Einige Perlen zum Trost
Bücher
Robert Prevost, Generalprior der Augustiner, in Buenos Aires bei der Einweihung der [hervorragenden] Bibliothek der Augustinerpatres. Ein gutes Zeichen: Er weiß, was ein Buch ist, er liest es und weiß es zu schätzen. Das war nicht bei jedem Papst der Fall, von dem ich weiß. Zudem erschien er im Ordenshabit, was nicht alle Augustiner tun.
Gender-Ideologie
Während seines bischöflichen Wirkens in Peru wandte sich Prevost gegen die Aufnahme von Lehren der Gender-Ideologie in die Lehrpläne der Schulen mit dem Argument:
„Die Förderung der Gender-Ideologie ist verwirrend, weil sie versucht, Geschlechter zu schaffen, die nicht existieren.“ Quelle.
Ordination von Frauen
Auf der Synode der Synodalität 2023 sprach sich Prevost gegen die Ordination von Frauen aus und stellte fest:
„Die Klerikalisierung der Frauen löst nicht notwendigerweise ein Problem, sie könnte ein neues Problem schaffen.“ Quelle.
Tradition der Kirche
Auf der gleichen Synode erklärte er:
„Es ist nicht so einfach zu sagen: ‚Wißt ihr was, in diesem Stadium werden wir die Tradition der Kirche nach 2000 Jahren in irgendeinem dieser Punkte ändern.“ Quelle.
Segen für Homo-Paare
„Unsere kulturelle Situation ist so, daß die Anwendung dieses Dokuments [Fiducia supplicans] einfach nicht funktionieren wird.“
Im Jahr 2012 beklagte der damalige Generalprior des Augustinerordens Prevost, daß die Pop-Kultur „Sympathie für Überzeugungen und Praktiken (fördere), die im Widerspruch zum Evangelium stehen“.

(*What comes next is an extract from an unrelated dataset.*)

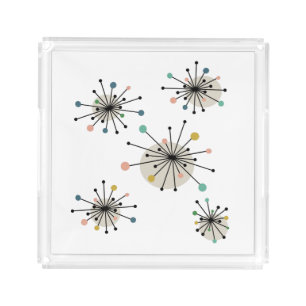 Atomic Era Colorful Starburst Retro Acrylic Tray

*Caminante Wanderer, argentinischer Blogger und Philosoph
Kurze Anmerkung von Giuseppe Nardi
Diese von Caminante Wanderer zusammengestellten „Perlen“, die Trost spenden sollen, weil sie einen Kontrapunkt zur progressiven Agenda und dem westlichen Zeitgeist darstellen, zeigen zugleich alle Elemente der Schwäche einer neokonservativen Argumentation. Das Richtige wird gesagt, aber in so schwacher Form, als wäre seine Akzeptanz nur eine Frage der Klugheit, der momentanen Situation, der Kultur des Augenblicks. Dies impliziert, daß in einer anderen Situation, politisch oder kulturell, auch etwas ganz anderes entschieden oder eingeführt werden könnte.
Prevost liefert in den genannten „Perlen“ keine inhaltlichen Argumente, sondern lediglich taktische. Er sagt nicht, warum es keine Segnung für Homo-Paare geben kann. Er sagt nicht, warum es keine Frauenordination geben kann. Er sagt nicht, warum man die Tradition nicht einfach so ändern kann. An dieser Argumentationsschwäche krankt die Kirche, besonders im Westen, ebenso wie in der Politik die Christdemokratie daran krankt.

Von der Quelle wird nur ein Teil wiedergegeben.